Nowadays, supercritical carbon dioxide (S-CO2) cycles are of great interest in the scientific research especially considering the energy transition that is occurring. The S-CO2 high density and relatively low viscosity make it an interesting fluid for power generation. For large heat sources, large flowrates of fluid can be obtained. Therefore, the development of axial flow expanders can allow large power generations. In the presence of rotor eccentricities, the aerodynamic loading of free-standing blades is not constant tangentially and will promote the lateral vibration of the rotor. The dynamic phenomenon that arises is known as Thomas-Alford force. The Thomas-Alford force determines an increase of the vibration level of the machine and a higher risk of instabilities. In this paper, a preliminary investigation of a S-CO2 axial expander stage is performed. Different correlations proposed in the literature are adopted to estimate the magnitude of the Thomas-Alford force. A mono-dimensional code and a simplified computational fluid dynamics (CFD) model are adopted to obtain the parameters of the stage considered.

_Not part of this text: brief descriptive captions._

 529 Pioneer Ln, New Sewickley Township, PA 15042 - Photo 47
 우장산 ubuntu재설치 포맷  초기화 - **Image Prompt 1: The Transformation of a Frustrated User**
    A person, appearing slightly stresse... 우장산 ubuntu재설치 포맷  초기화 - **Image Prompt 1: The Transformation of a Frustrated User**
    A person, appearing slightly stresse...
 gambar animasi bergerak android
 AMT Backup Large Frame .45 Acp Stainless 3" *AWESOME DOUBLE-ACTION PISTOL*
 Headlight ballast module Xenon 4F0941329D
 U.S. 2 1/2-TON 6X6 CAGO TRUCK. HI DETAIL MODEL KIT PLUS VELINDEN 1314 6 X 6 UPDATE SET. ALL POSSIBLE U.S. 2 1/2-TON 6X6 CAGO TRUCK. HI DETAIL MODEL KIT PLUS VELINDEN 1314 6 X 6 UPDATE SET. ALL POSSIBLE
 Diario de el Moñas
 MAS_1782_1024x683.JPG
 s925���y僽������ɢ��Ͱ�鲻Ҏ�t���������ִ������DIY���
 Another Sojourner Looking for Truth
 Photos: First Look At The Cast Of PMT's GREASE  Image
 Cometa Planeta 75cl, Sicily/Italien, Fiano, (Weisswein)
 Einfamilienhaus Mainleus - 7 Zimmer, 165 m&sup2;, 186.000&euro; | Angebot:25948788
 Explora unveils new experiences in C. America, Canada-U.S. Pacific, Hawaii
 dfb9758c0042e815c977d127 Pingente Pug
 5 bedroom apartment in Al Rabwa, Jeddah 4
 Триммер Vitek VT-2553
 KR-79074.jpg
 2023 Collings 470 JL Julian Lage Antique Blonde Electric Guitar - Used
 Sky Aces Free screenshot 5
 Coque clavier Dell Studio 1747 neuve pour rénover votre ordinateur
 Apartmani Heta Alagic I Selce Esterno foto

In this preliminary investigation, only free-standing blades are considered. The results obtained show a good agreement between 1D and CFD inputs required by the different correlation used. Despite this, the cross coupled stiffness calculated are widely dependent on the correlation used; then, this study can be considered as the starting point for more detailed investigations validating the correlations behavior in this environment through an unsteady CFD and/or a proper test campaign.